Une fois de plus, j'éprouve quelques difficultés à me lancer dans la rédaction d'une nouvelle entrée. J'ai déménagé vers une nouvelle table, au café, espérant que cela donne un coup d'envoi à ce rude mais hygiénique exercice qu'est la production blogatoire. Le prétexte « socialement sous-entendu » du déménagement ? Le raccord du iBook à une prise de courant. La véritable raison? L'abandon d'une table offrant mon écran aux regards d'un couple à la conversation pour le moins sous-alimentée. C'est un peu ridicule/paranoïaque, mais j'avais l'impression constante que, pour se désennuyer, ils jetaient de temps à autre un coup d'oeil en ma direction — plus précisément, vers l'écran de mon ordinateur, théâtre d'événements autrement plus passionnants que leur rencontre au sommet. Résultat? Blocage d'inspiration chez votre humble serviteur. Le soulagement était donc grand lorsque la table donnant accès à une prise de courant s'est libérée, puisque celle-ci est commodément située à l'abri des regards inquisiteurs. Mais — il fallait s'y attendre — cela n'a pas suffi à sortir de leur sommeil les muses blogatoires. La pression s'accentue puisque, l'air de rien, la fermeture du café approche; rien pour faciliter un épanchement naturel de contenu blogatoire 100% pur jus.

Plusieurs jours passent. (— Non! — Si, si, je vous assure!)

Retour à la même Bat-table, avec le même Bat-iBook.

[Hhhhhhh...] Emplissons nos poumons d'un air que l'on esp-ére tonifiant (et puis [...Hhhhhh] désemplissons-les, question de ne pas faire exploser quelque gugusse vital dans notre cage thoracique...).

Pour expliquer les raisons-du-pourquoi-de du silence blogatoire, je vous invite à plonger — avec moi — dans l'Histoire d'un Parcours (laisser traîner nonchalamment ce dernier mot pour obtenir le plein effet).
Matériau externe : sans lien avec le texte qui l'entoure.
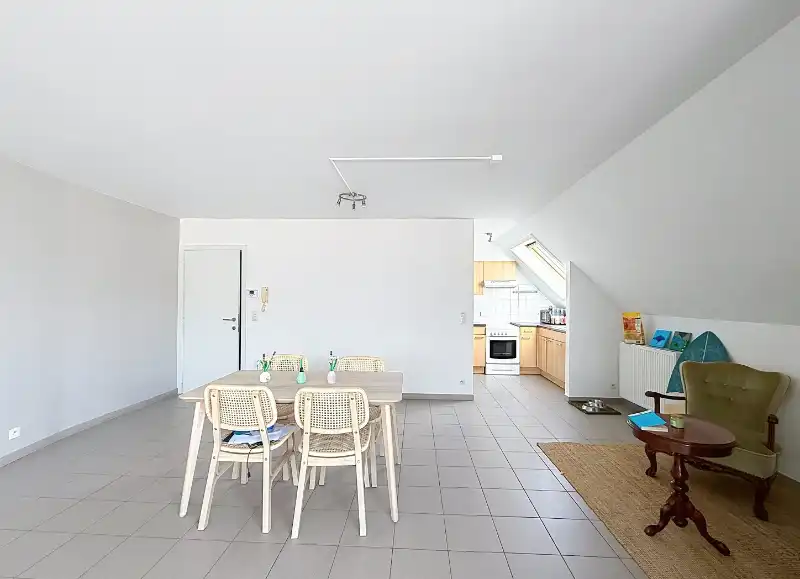 Lichtrijk appartement met terras en garage foto 3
Dans le dernier épisode (qui remonte à encore plus loin que ce que je croyais...), je dressais une petite liste de tâches à accomplir (et Jack déshéritait Crystal, souvenez-vous-en). Tout en haut de cette liste figurait le projet de peaufiner «mes» fauvettes (paradoxalement l'oiseau qui prend le plus d'espace dans Le Loriot, de Messiaen). Vous serez peut-être déçus d'apprendre que ce peaufinage n'était pas exactement un geste désintéressé, une pure envie d'émuler au mieux des capacités humaines le noble sylviidé, sans dessein latent. C'est pourtant la triste vérité.
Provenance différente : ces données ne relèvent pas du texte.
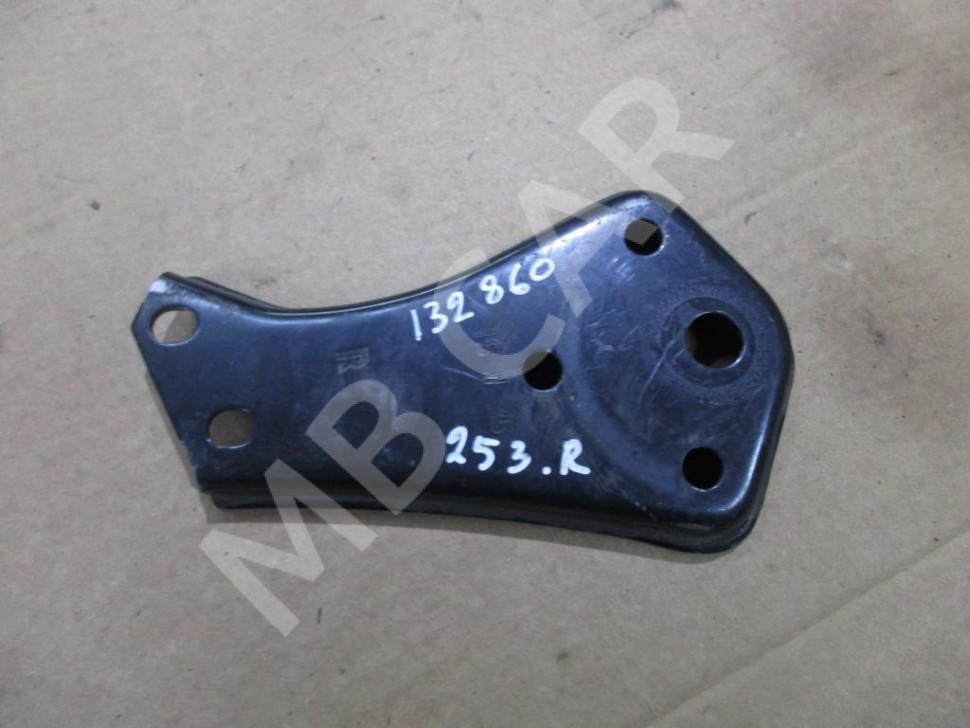 Кронштейн MERCEDES-BENZ GLC-класс X253 (2015 - 2019) фото 1 — Разборка Мерседес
Le travail sur le zinzinulement (je n'invente pas, je vous jure) de la fauvette s'effectuait en vue d'un concert de classe (ici appelé une audition). (Aussi, je composais avec une nouvelle approche « pédalistique » du duo de fauvettes. Mon prof avait avancé l'idée que l'indication « mettre très peu de pédale » de Messiaen pouvait possiblement être interprétée comme une consigne d'appliquer constamment un halo très subtil de pédale [alors que je n'en mettais pour ainsi dire aucune]; je ne suis toujours pas convaincu de la rectitude de cette interprétation, mais je dois avouer que le résultat sonore est tout à fait intéressant. La pédale lyonnaise à l'oeuvre...)
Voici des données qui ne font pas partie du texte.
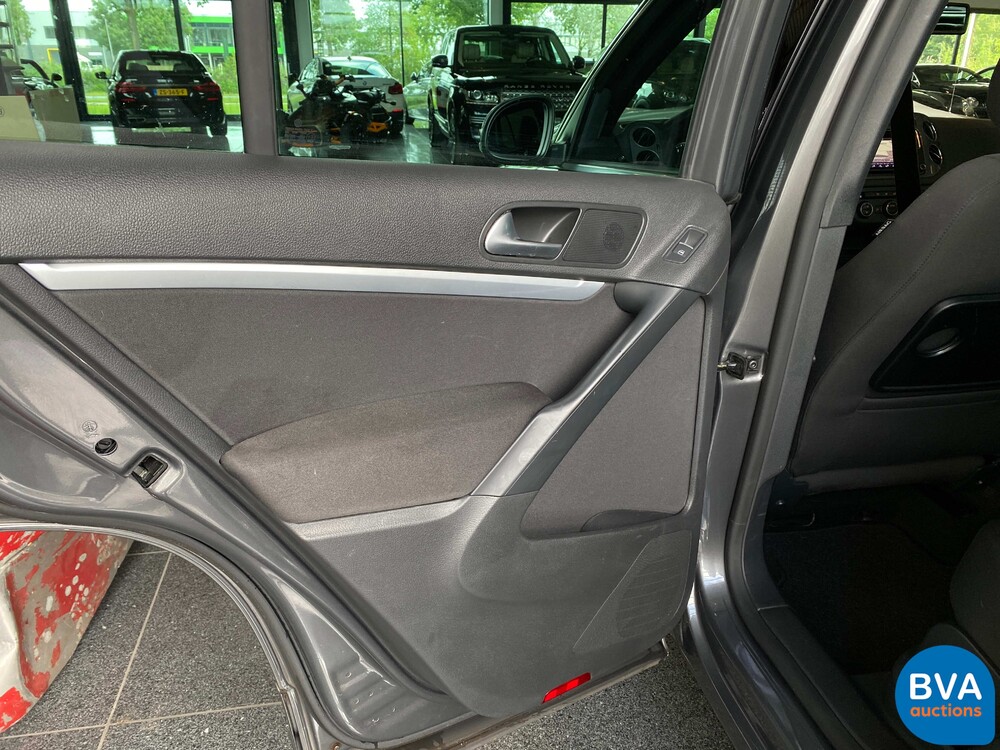 Volkswagen Tiguan 1.4 TSI R-Line Edition 150hp 2015 -Org. NL-, HD-114-G.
Durant cette période, j'avais pas mal de difficulté à avoir un local pour travailler... et lorsque j'en obtenais un, mon bras ne manquait pas de me signaler qu'il ne tolérerait pas des tourments prolongés. Malgré cela, j'ai réussi à faire un travail décent sur les fauvettes; par contre, jusqu'au dernier moment, j'éprouvais une sérieuse frustration du fait je ne zinzinulais toujours pas à la hauteur de mes ambitions — le travail ne semblait pas réellement porter fruit. C'est donc avec surprise, soulagement et satisfaction (la réaction connue sous le sigle serpentin de SSS) que j'appréciai l'ultime résultat de mes efforts — une prestation plutôt décente.

Une fois cette « première priorité » [sic, dixit Charest] évacuée, je devais m'atteler à celle qui lui succédait — Donatoni. Ou Françoise. Comme dans Françoise Variationen, de Donatoni.

L'idée était la suivante: le Conservatoire invite un pianiste, (Jay Gottlieb, un Américain qui va souvent au CNSM de Paris), celui-ci donne un concert Berio/Donatoni... et le lendemain, un cours de maître sur des oeuvres de ces deux compositeurs est tenu. Comme les pianistes ayant à leur répertoire une pièce d'un de ces Italiens ne courent pas les rues ni n'arpentent les corridors du Conservatoire, il a fallu lancer un appel au dévouement (les mauvaises langues diraient « de détresse »). Ceux qui avaient déjà touché à une oeuvre de Berio/Donatoni étaient évidemment les premiers conscrits; en seconde ligne s'alignaient ceux qui, un jour ou l'autre, avaient manifesté quoi que ce soit qui puisse être interprété comme un intérêt — enfin, « une absence de dégoût » représenterait peut-être plus fidèlement la réalité — envers la musique contemporaine.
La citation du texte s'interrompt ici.